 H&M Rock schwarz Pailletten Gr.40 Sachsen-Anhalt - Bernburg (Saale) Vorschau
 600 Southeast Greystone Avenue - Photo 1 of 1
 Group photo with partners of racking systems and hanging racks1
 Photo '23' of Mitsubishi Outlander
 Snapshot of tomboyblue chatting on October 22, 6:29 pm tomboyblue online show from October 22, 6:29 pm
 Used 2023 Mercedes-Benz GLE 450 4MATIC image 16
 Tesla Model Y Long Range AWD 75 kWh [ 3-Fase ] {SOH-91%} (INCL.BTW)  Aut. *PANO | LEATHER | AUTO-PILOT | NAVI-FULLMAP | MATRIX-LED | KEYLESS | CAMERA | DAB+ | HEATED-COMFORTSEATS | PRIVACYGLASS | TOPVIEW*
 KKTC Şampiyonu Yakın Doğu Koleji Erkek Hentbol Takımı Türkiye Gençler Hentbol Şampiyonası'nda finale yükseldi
...
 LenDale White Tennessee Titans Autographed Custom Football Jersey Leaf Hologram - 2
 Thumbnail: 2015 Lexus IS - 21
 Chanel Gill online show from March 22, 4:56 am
* * *
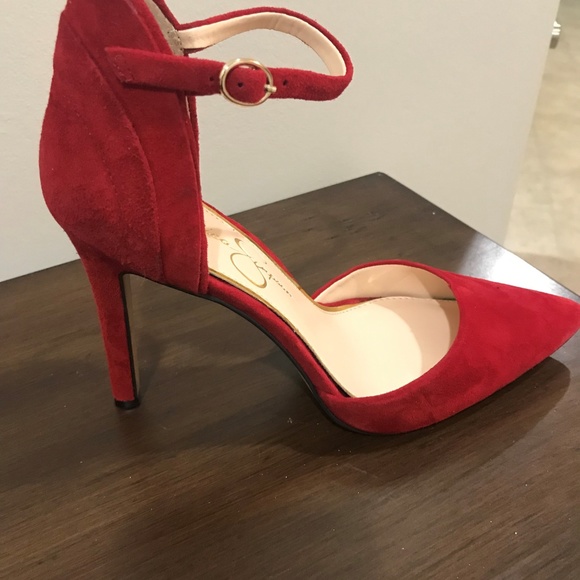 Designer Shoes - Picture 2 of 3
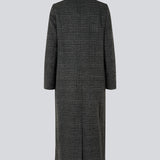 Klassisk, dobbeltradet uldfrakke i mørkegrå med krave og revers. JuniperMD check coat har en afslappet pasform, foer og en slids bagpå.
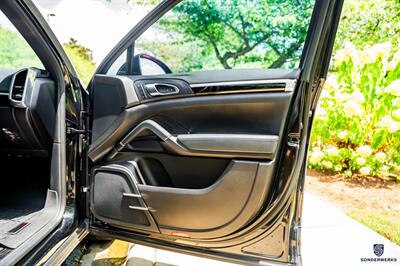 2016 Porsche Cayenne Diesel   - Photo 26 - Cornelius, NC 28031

§ **Instructions to follow**
For this task, write out exactly the lines of the entries above, starting at the line with "Group photo with" and ending at the line with "KKTC Şampiyonu Yakın", both included, and no others.

§ **Solution to the problem**
 Group photo with partners of racking systems and hanging racks1
 Photo '23' of Mitsubishi Outlander
 Snapshot of tomboyblue chatting on October 22, 6:29 pm tomboyblue online show from October 22, 6:29 pm
 Used 2023 Mercedes-Benz GLE 450 4MATIC image 16
 Tesla Model Y Long Range AWD 75 kWh [ 3-Fase ] {SOH-91%} (INCL.BTW)  Aut. *PANO | LEATHER | AUTO-PILOT | NAVI-FULLMAP | MATRIX-LED | KEYLESS | CAMERA | DAB+ | HEATED-COMFORTSEATS | PRIVACYGLASS | TOPVIEW*
 KKTC Şampiyonu Yakın Doğu Koleji Erkek Hentbol Takımı Türkiye Gençler Hentbol Şampiyonası'nda finale yükseldi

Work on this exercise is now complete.